BEGIN Data excerpts

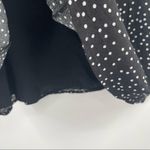 FRNCH Paris Dot Long Sleeve Dress Tie Neck B&W Polka Dots Flare Parisian SZ S/M Photo 12
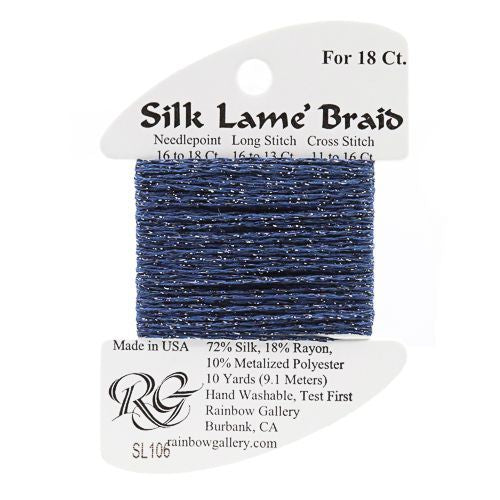 Rainbow Gallery Silk Lame Braid 18 - 106 Dark Denim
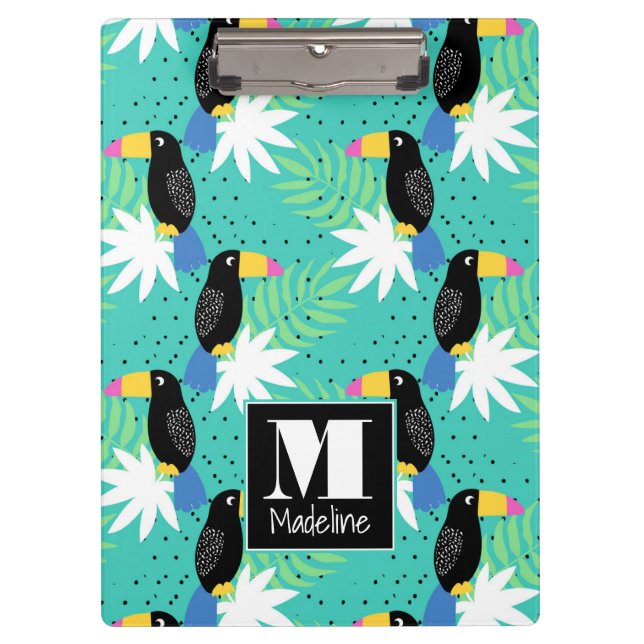 Porte-bloc Toucans sur le monogramme de Teal | (Devant)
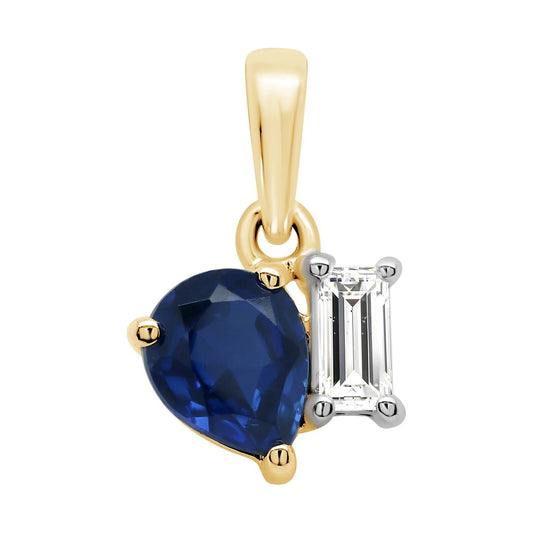 9ct Lab Created Sapphire & Diamond Pendant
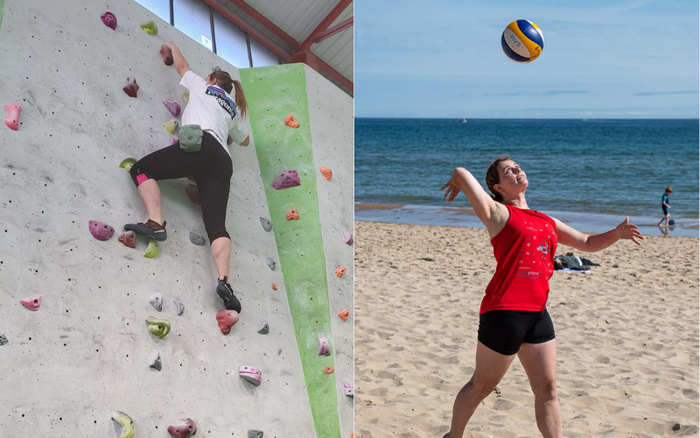 Split image showing a young woman indoor rock climbing on a wall with colourful holds and wearing a white T-shirt with the text 'Capstone' on the back, black leggings, and climbing shoes, alongside another young woman playing beach volleyball on sand by the sea, wearing a red sleeveless top and black shorts, preparing to hit a yellow and blue volleyball in mid-air. No reference to used cars or new cars visible.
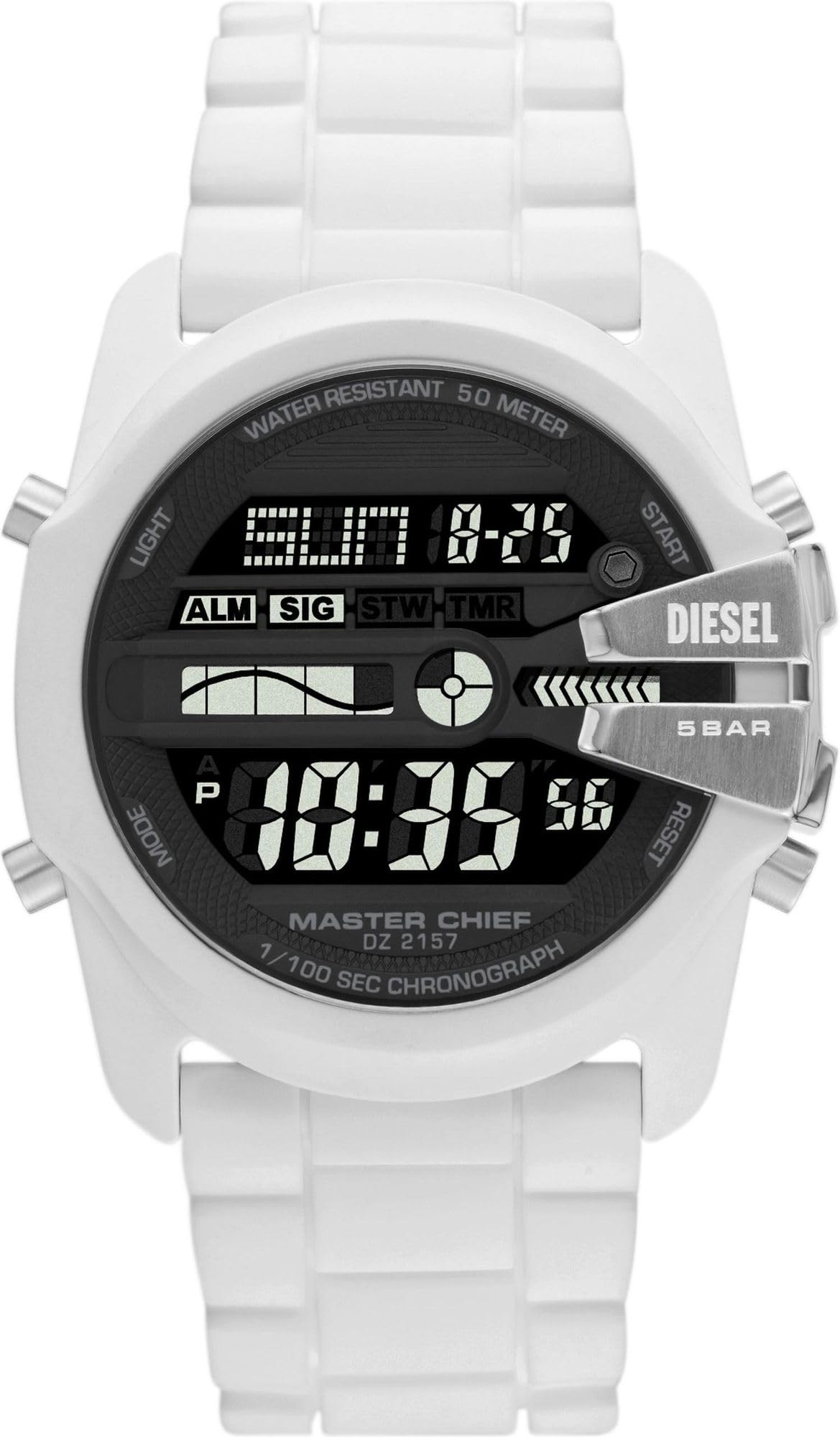 Diesel Reloj para hombre Master Chief, movimiento LCD, 44mm Caja de silicona blanca con correa de silicona, DZ2157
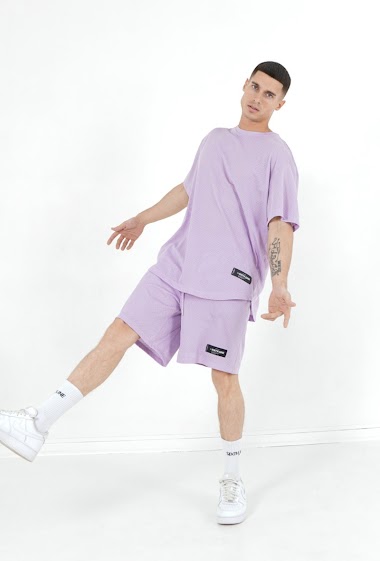 Wholesaler Sixth June Paris - Logo mesh shorts Light purple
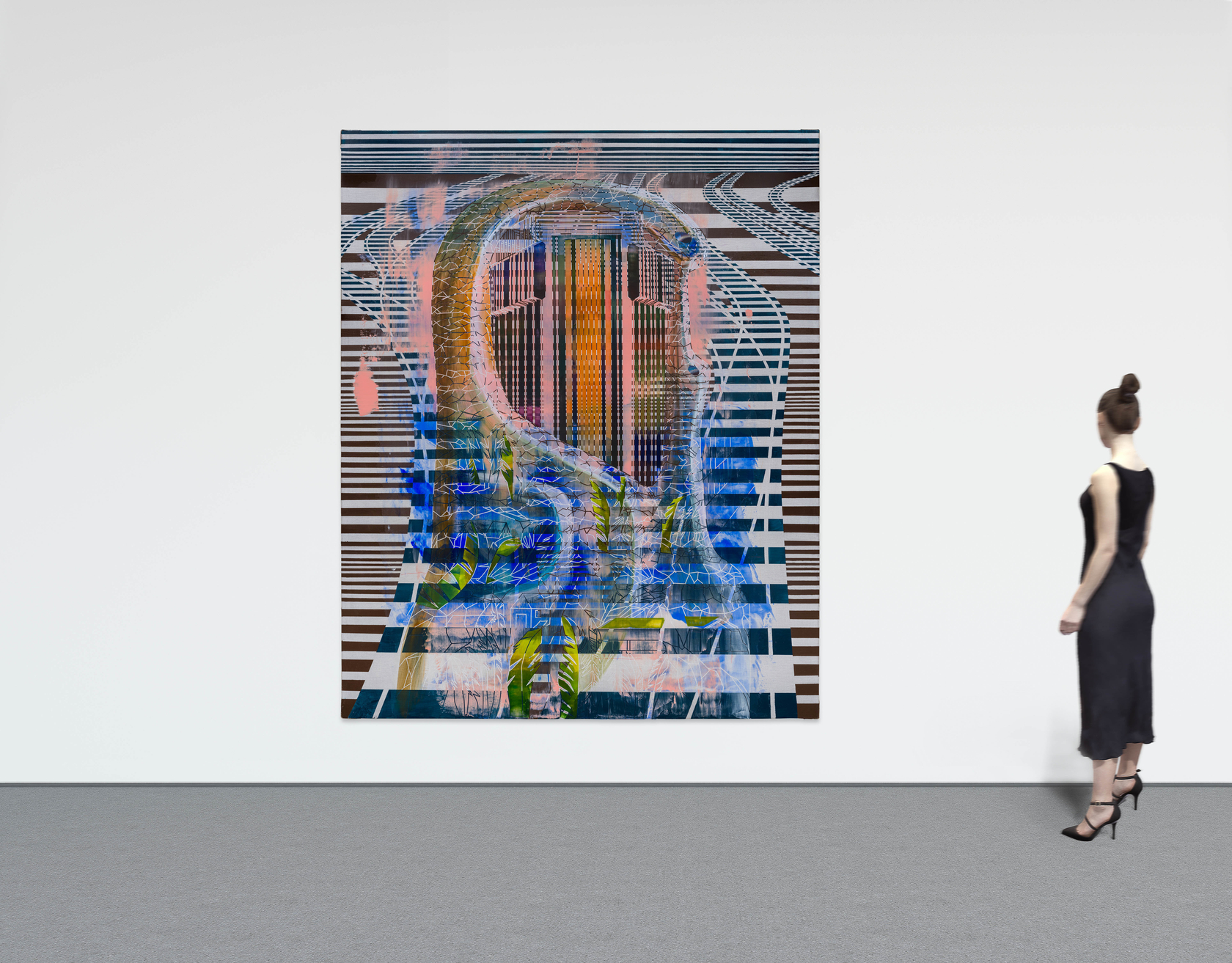 Cui Jie Ceramic Kissing Geese and Central Bank of West African States, Abidjan #22023 Acrylic on canvas 200 x 160...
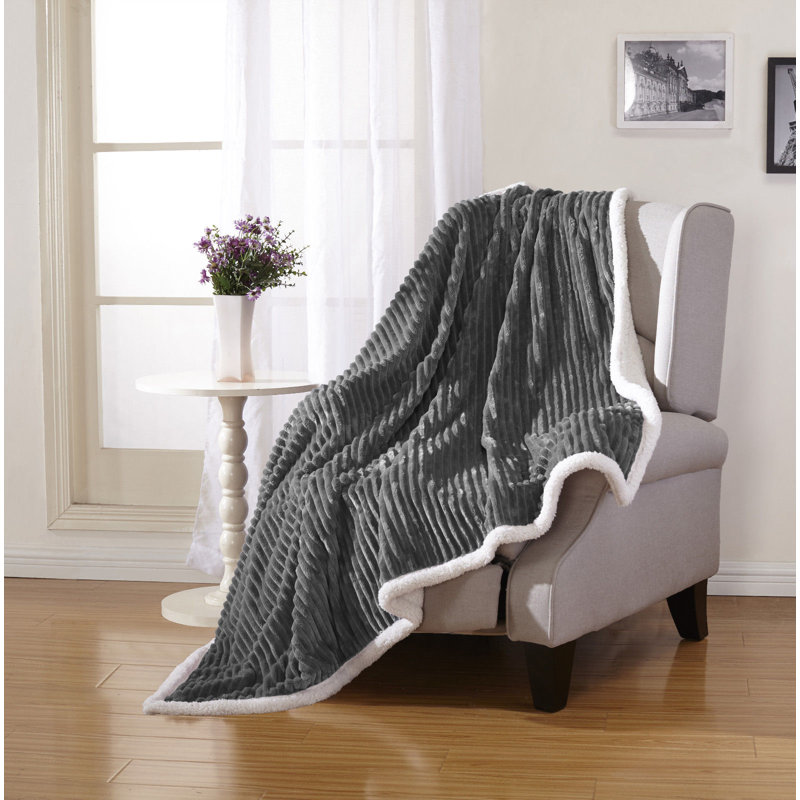 Jeté douillet en sherpa côtelé Plush Home, Anthracite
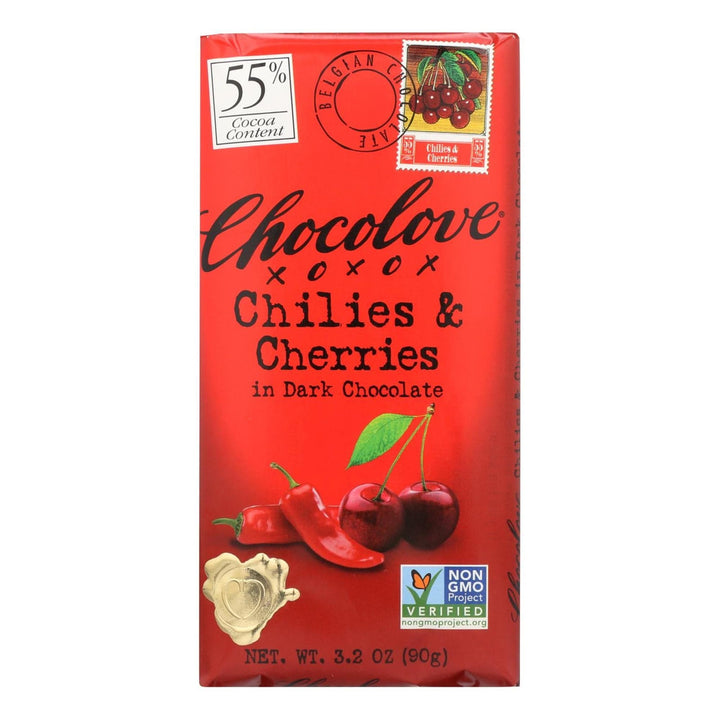 Chocolove Chocolate Dark Chilies & Cherry Bar, 3.2 oz | Pack of 12 - PlantX US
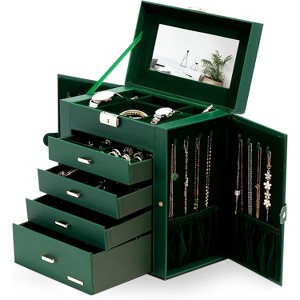 Synthetic Leather Huge Jewelry Box Mirrored Watch Organizer Necklace Ring Earring Storage Lockable - 1 of 4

END Data excerpts

Exclude the pictures, and transcribe all of the material exactly.

Expected output
 FRNCH Paris Dot Long Sleeve Dress Tie Neck B&W Polka Dots Flare Parisian SZ S/M Photo 12
 Rainbow Gallery Silk Lame Braid 18 - 106 Dark Denim
 Porte-bloc Toucans sur le monogramme de Teal | (Devant)
 9ct Lab Created Sapphire & Diamond Pendant
 Split image showing a young woman indoor rock climbing on a wall with colourful holds and wearing a white T-shirt with the text 'Capstone' on the back, black leggings, and climbing shoes, alongside another young woman playing beach volleyball on sand by the sea, wearing a red sleeveless top and black shorts, preparing to hit a yellow and blue volleyball in mid-air. No reference to used cars or new cars visible.
 Diesel Reloj para hombre Master Chief, movimiento LCD, 44mm Caja de silicona blanca con correa de silicona, DZ2157
 Wholesaler Sixth June Paris - Logo mesh shorts Light purple
 Cui Jie Ceramic Kissing Geese and Central Bank of West African States, Abidjan #22023 Acrylic on canvas 200 x 160...
 Jeté douillet en sherpa côtelé Plush Home, Anthracite
 Chocolove Chocolate Dark Chilies & Cherry Bar, 3.2 oz | Pack of 12 - PlantX US
 Synthetic Leather Huge Jewelry Box Mirrored Watch Organizer Necklace Ring Earring Storage Lockable - 1 of 4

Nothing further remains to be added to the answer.